Work task: Give back exactly the lines of the material below that start at the one holding "livella laser multiuso" and end at the last line, minus the pictures.

Records for processing:
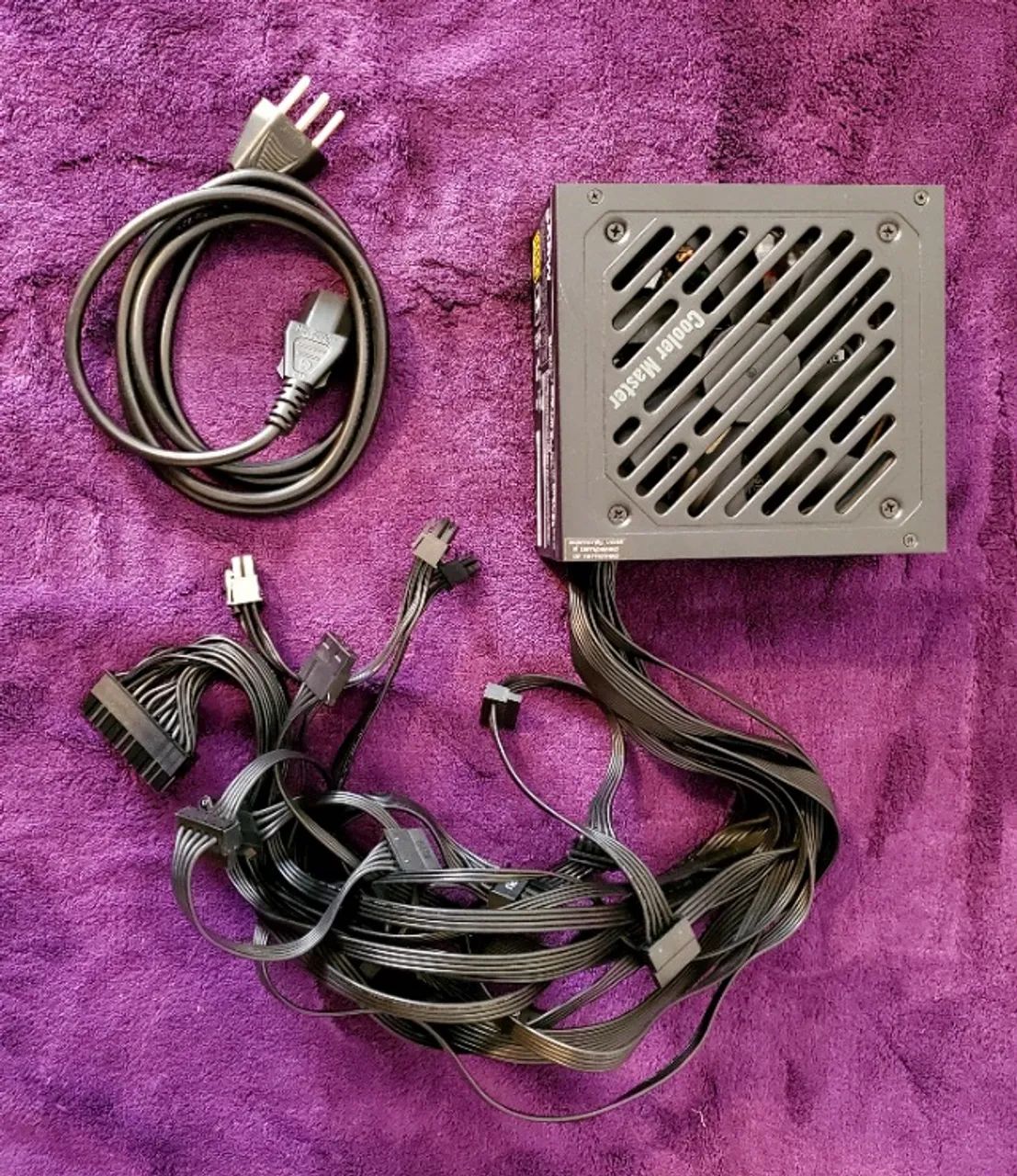 Fonte para computador gamer G500 Gold (certificado 80 plus gold) - Foto 4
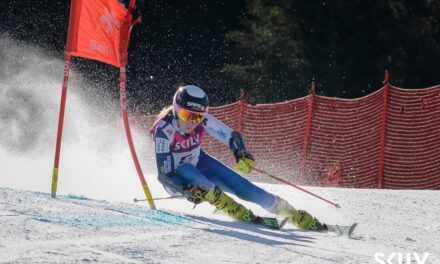Podi per a Núria Pau al Campionat Nacional de Lituània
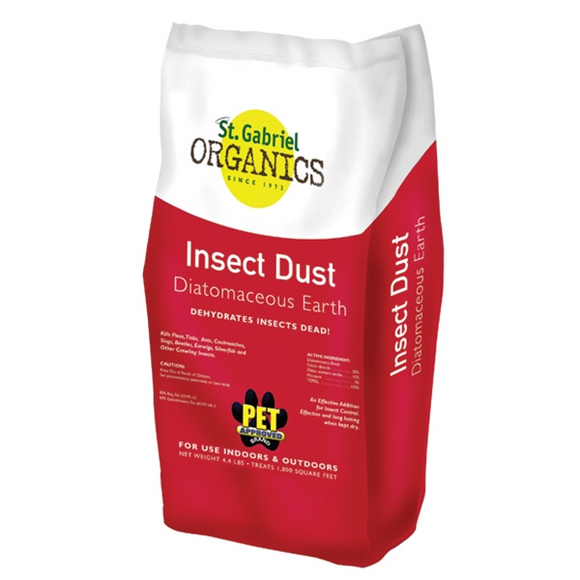 ST. GABRIEL ORGANICS INSECT DUST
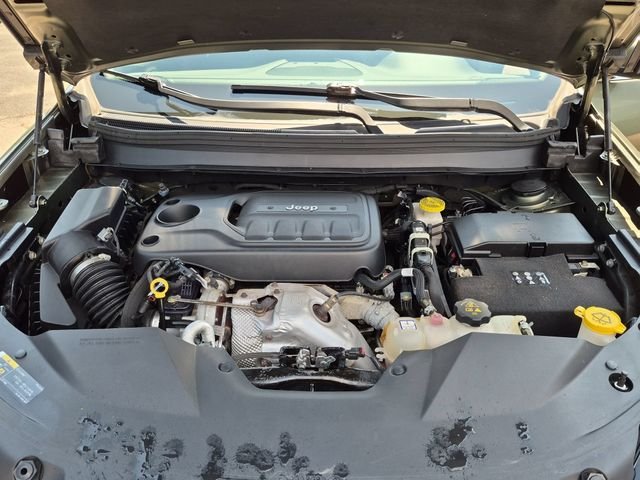 Used 2019 Green Jeep Limited image 28
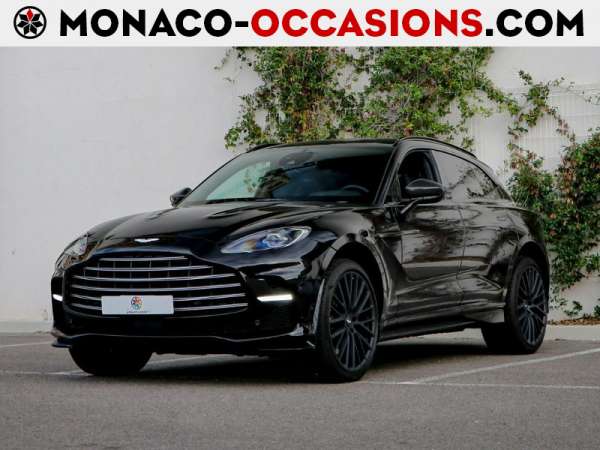 Aston Martin-DBX-4.0 V8 biturbo 707ch BVA9-Occasion Monaco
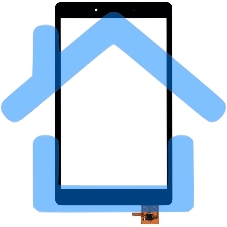 Сенсорное стекло (тачскрин) для Samsung Galaxy Tab A 8.0 Kids Edition SM-T290KID (2019), черное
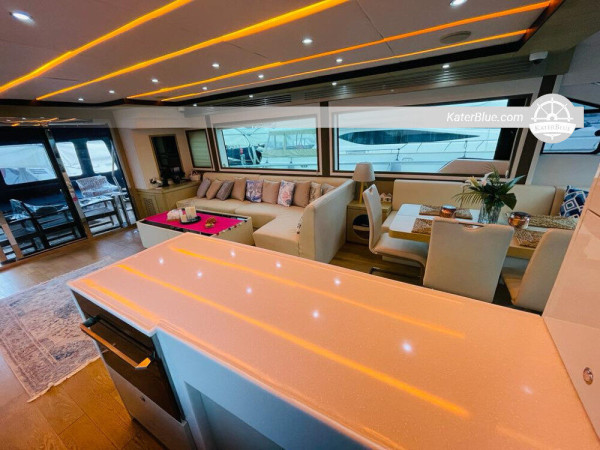 Acury MY 21 - Sea Stella Motor yacht for Sale in Istanbul, Turkey
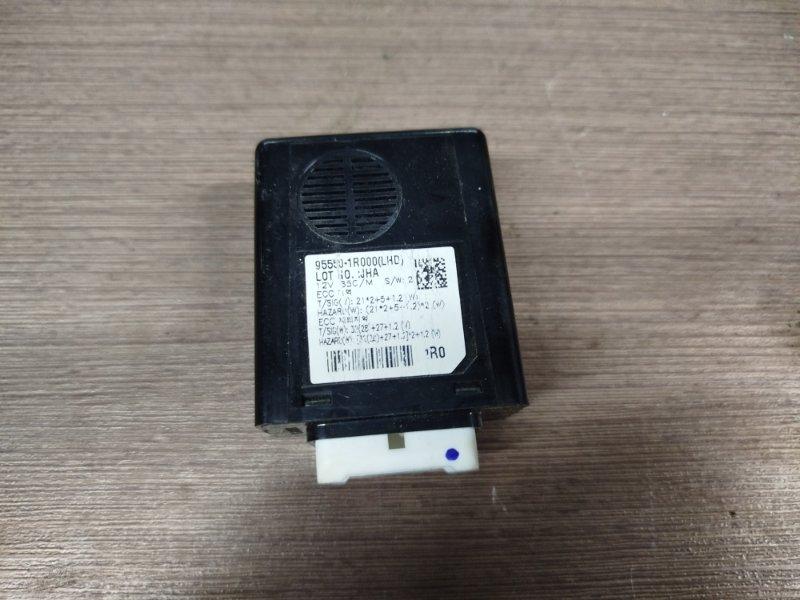Реле указателя поворота Kia Rio 2014 G4FA 955501R000 Б/У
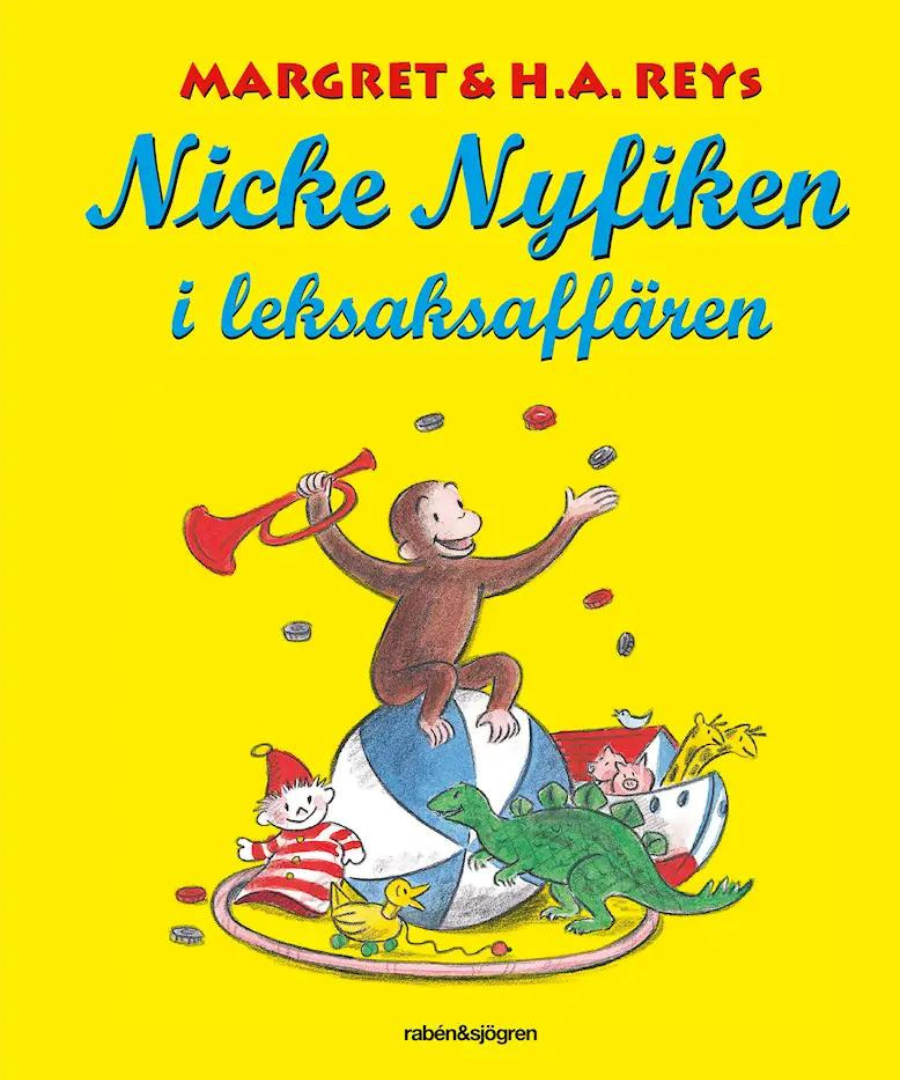 Nicke Nyfiken i leksaksaffären
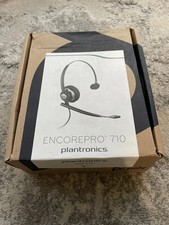 Poly EP 710 / HW710 EncorePro Mono Noise Canceling QD Headset - HP 805H7AA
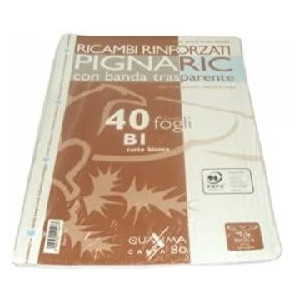 RICAMBIO RINF. A4 100GR. 40FG BIANCO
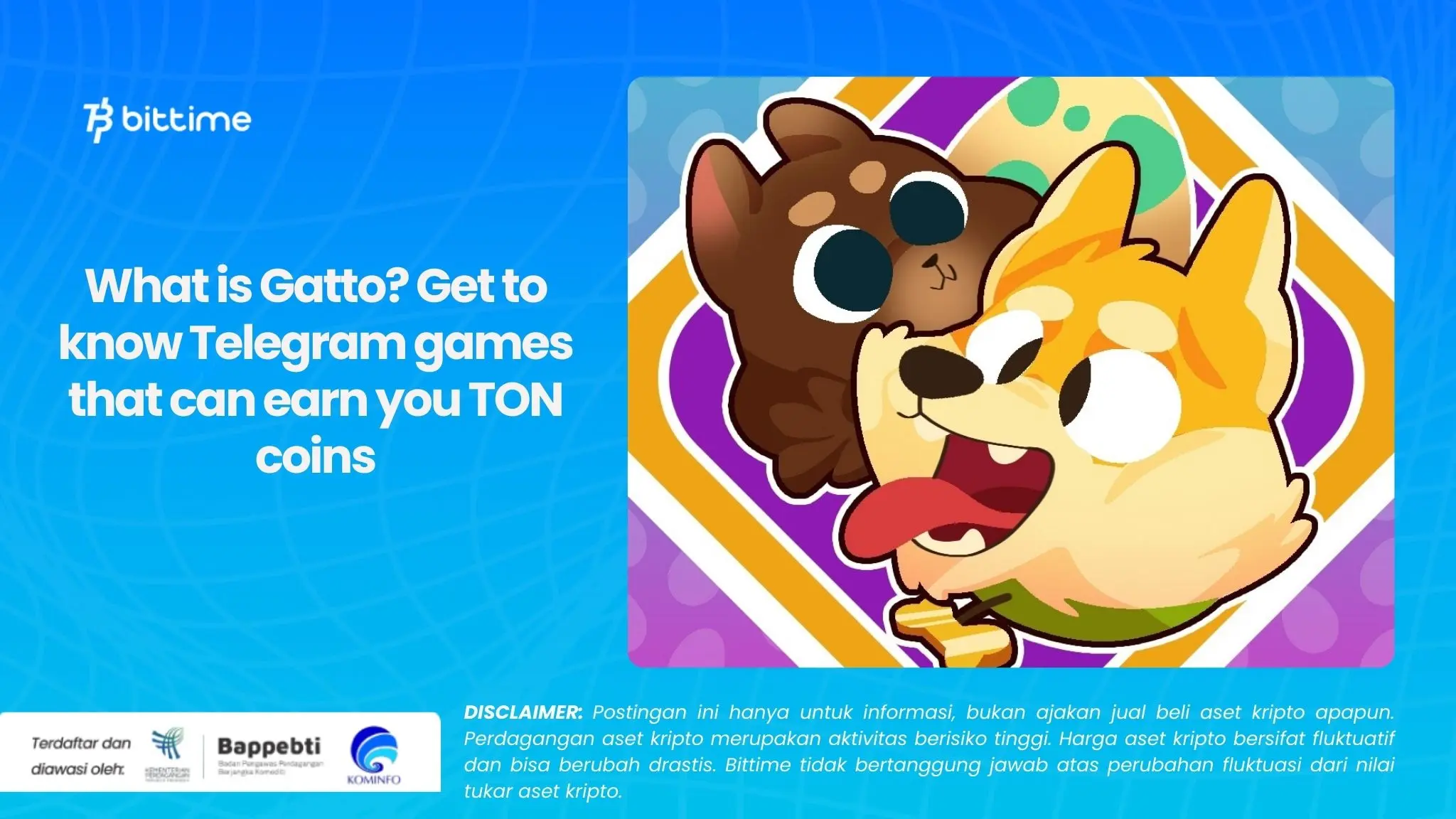 What is Gatto? Get to know Telegram games that can earn you TON coins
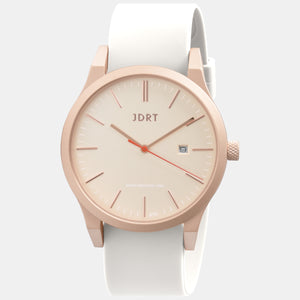 Matte Rose Gold / White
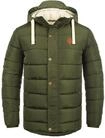 Blend BHFrederic Herren Winterjacke Steppjacke Jacke gef&uuml;ttert mit abnehmbarer
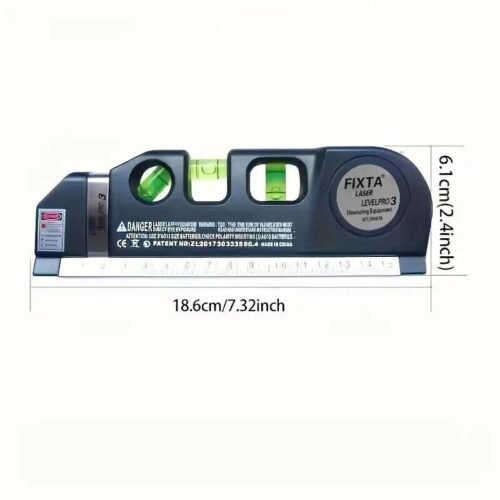 livella laser multiuso misurazioni precise lavoro tripla posizione Righelli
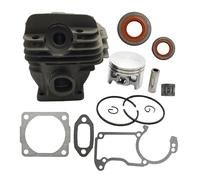 ERIHJOX Kit de Piston de Cylindre plaqué de Remplacement de 44,7 mm for tronçonneuse à Gros alésage 026 026PRO MS260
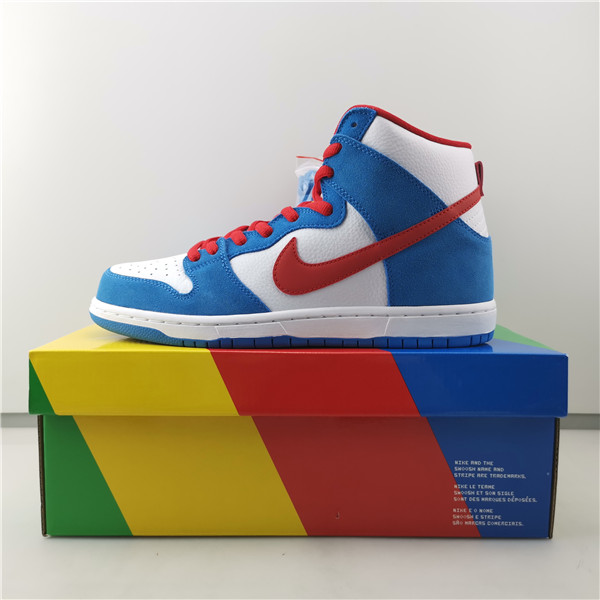 Nike SB Dunk High Kevin Perez Doraemon CI2692-400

Solution:
 livella laser multiuso misurazioni precise lavoro tripla posizione Righelli
 ERIHJOX Kit de Piston de Cylindre plaqué de Remplacement de 44,7 mm for tronçonneuse à Gros alésage 026 026PRO MS260
 Nike SB Dunk High Kevin Perez Doraemon CI2692-400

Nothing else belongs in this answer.